* **WORK TO BE COMPLETED**: Using the listing below, copy exactly each line from the one that has "De Laurentiis accolto" through the one that has "Затулин провёл рабочую поездку в Хостинском районе Сочи. Затулин"; omit the pictures.

* **EXCERPTED RECORDS**:
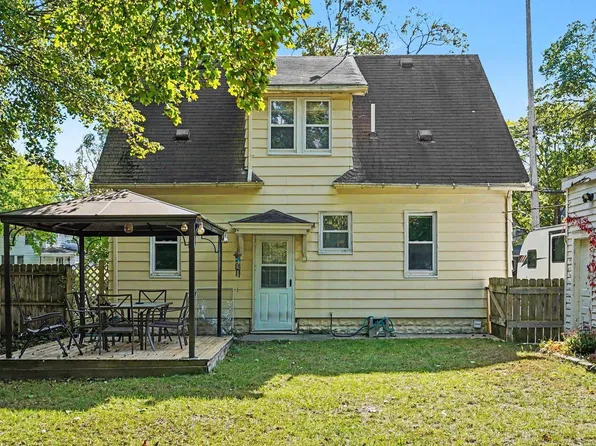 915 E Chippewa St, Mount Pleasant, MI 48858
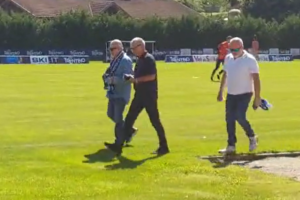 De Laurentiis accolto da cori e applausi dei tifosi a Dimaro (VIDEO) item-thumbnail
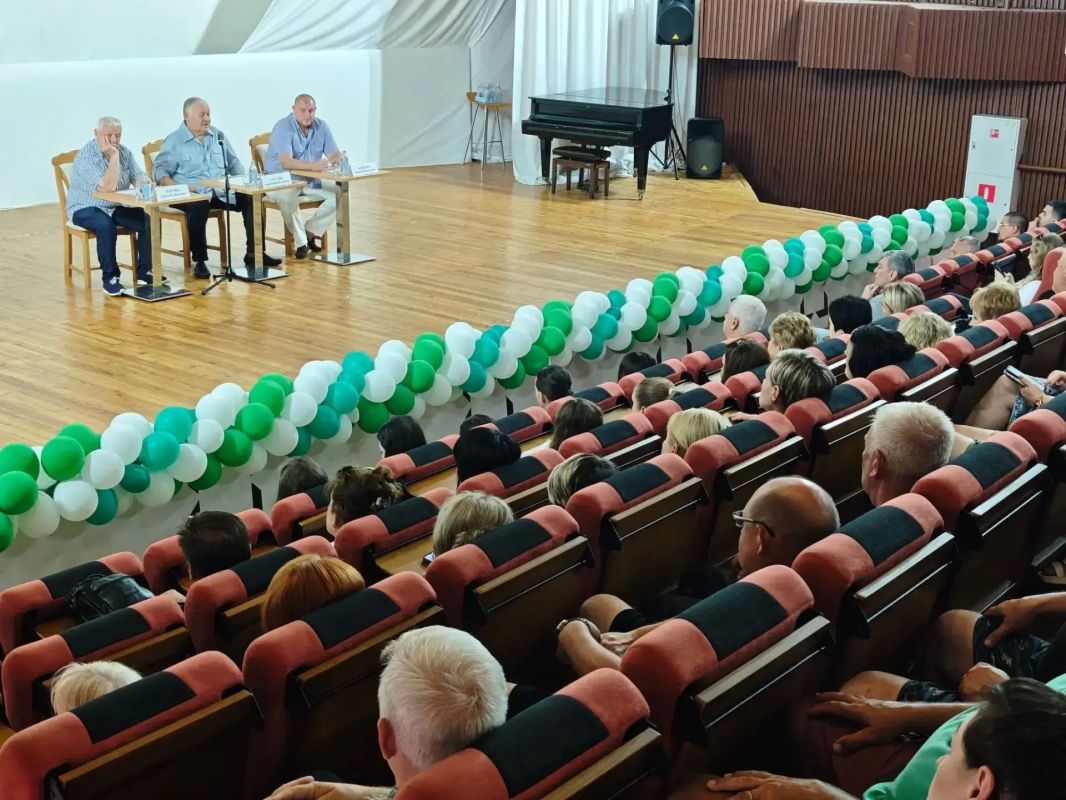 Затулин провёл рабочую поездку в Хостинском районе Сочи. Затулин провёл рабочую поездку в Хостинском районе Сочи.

==

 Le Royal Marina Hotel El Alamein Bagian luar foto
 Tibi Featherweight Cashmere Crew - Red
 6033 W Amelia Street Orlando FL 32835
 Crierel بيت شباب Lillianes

* **TASK SOLUTION**:
 De Laurentiis accolto da cori e applausi dei tifosi a Dimaro (VIDEO) item-thumbnail
 Затулин провёл рабочую поездку в Хостинском районе Сочи. Затулин провёл рабочую поездку в Хостинском районе Сочи.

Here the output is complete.